Electric Current in Conductors — Physics STD 12 Science — Question

The energy from the sun reaches just outside the earth's atmosphere at a rate of 1400W/m². The distance between the sun and the earth is 1.5 × 10¹¹m.

1. Calculate the rate at which the sun is losing its mass.
2. How long will the sun last assuming a constant decay at this rate? The present mass of the sun is 2 × 10⁸⁰kg.

A coil of number of turns N, area A is rotated at a constant angular speed ω, in a uniform magnetic field B and connected to a resistor R. Deduce expression for:

1. Maximum emf induced in the coil.
2. Power dissipation in the coil.

A particle of mass m and charge q is thrown at a speed u against a uniform electric field E. How much distance will it travel before coming to momentary rest?

A normal eye has retina 2cm behind the eye-lens. What is the power of the eye-lens when the eye is

1. Fully relaxed,
2. Most strained?

A body of mass 2kg is lying on a rough inclined plane of inclination 30°. Find the magnitude of the force parallel to the incline needed to make the block move:

1. Up the incline
2. Down the incline. Coefficient of static friction = 0.2.

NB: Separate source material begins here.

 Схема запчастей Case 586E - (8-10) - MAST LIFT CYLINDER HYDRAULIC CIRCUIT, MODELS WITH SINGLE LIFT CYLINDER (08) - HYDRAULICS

Two identical balls, each having a charge of 2.00 × 10^-7C and a mass of 100g, are suspended from a common point by two insulating strings each 50cm long. The balls are held at a separation 5.0cm apart and then released. Find,

1. The electric force on one of the charged balls.
2. The components of the resultant force on it along and perpendicular to the string.
3. The tension in the string.
4. The acceleration of one of the balls. Answers are to be obtained only for the instant just after the release.

Water leaks out from an open tank through a hole of area 2mm² in the bottom. Suppose water is filled up to a height of 80cm and the area of cross-section of the tank is 0.4m². The pressure at the open surface and at the hole are equal to the atmospheric pressure. Neglect the small velocity of the water near the open surface in the tank.

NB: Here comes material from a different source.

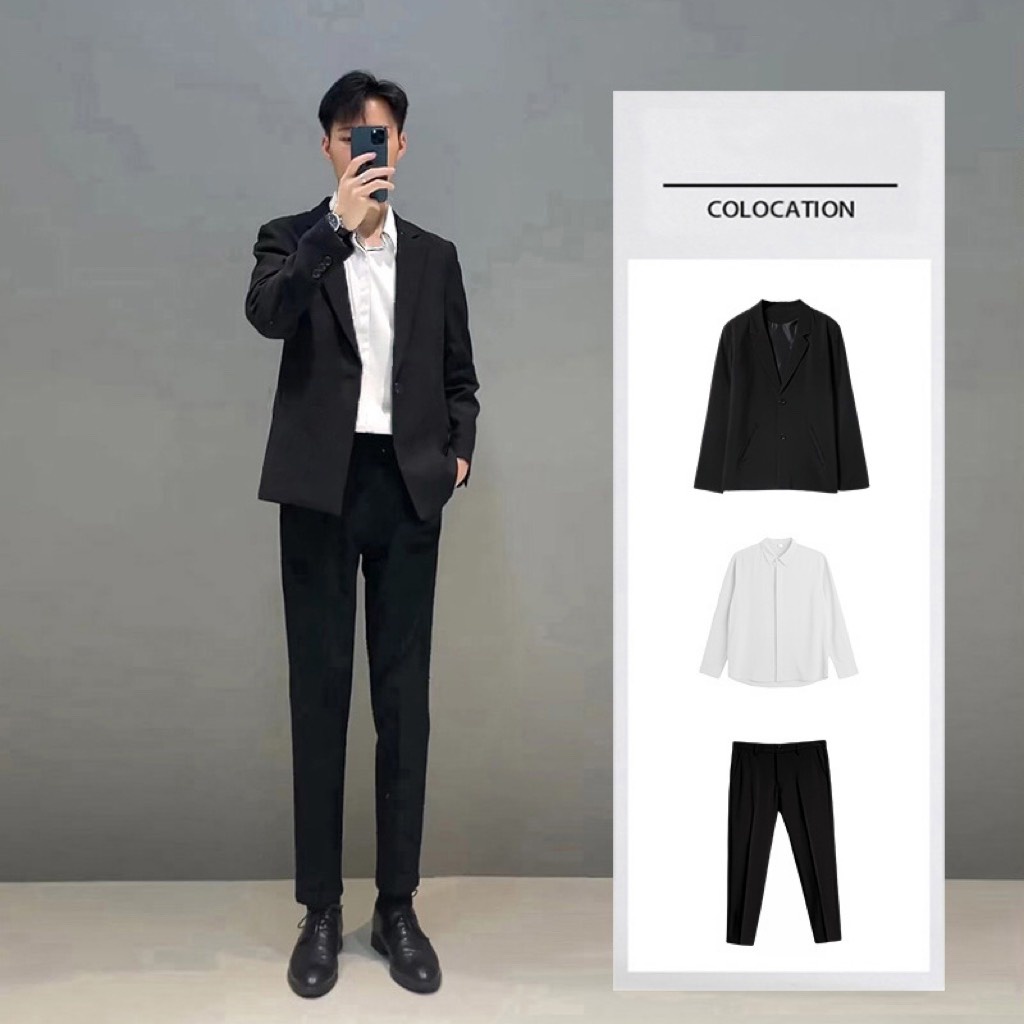 Áo khoác nam blazer form rộng phong cách dáng Hàn Quốc , áo vest nam màu đen thời trang trẻ trung kiểu đẹp màu trắng nâu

1. Find the initial speed of water coming out of the hole.
2. Find the speed of water coming out when half of water has leaked out.
3. Find the volume of water leaked out during a time interval dt after the height remained is h. Thus find the decrease in height dh in terms of h and dt.
4. From the result of part c find the time required for half of the water to leak out.

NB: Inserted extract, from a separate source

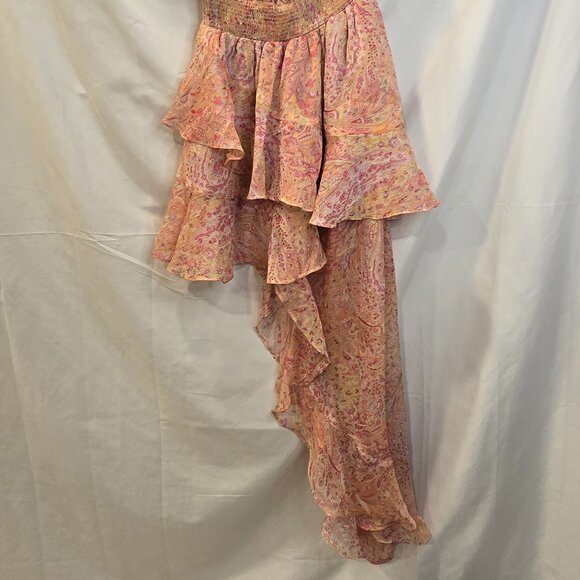 NWT MISA Dress Pink/Yellow Size S Off The Shoulder Smocked Waist - Picture 2 of 10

Derive an expression for equivalent capacitance of three capacitors when connected
i. in series and
ii. in parallel.

A small source of sound oscillates in simple harmonic motion with an amplitude of 1.7cm. A detector is placed along the line of motion of the source. The source emits a sound of frequency 800Hz which travels at a speed of 340m/s. If the width of the frequency band detected by the detector is 8Hz, find the time period of the source.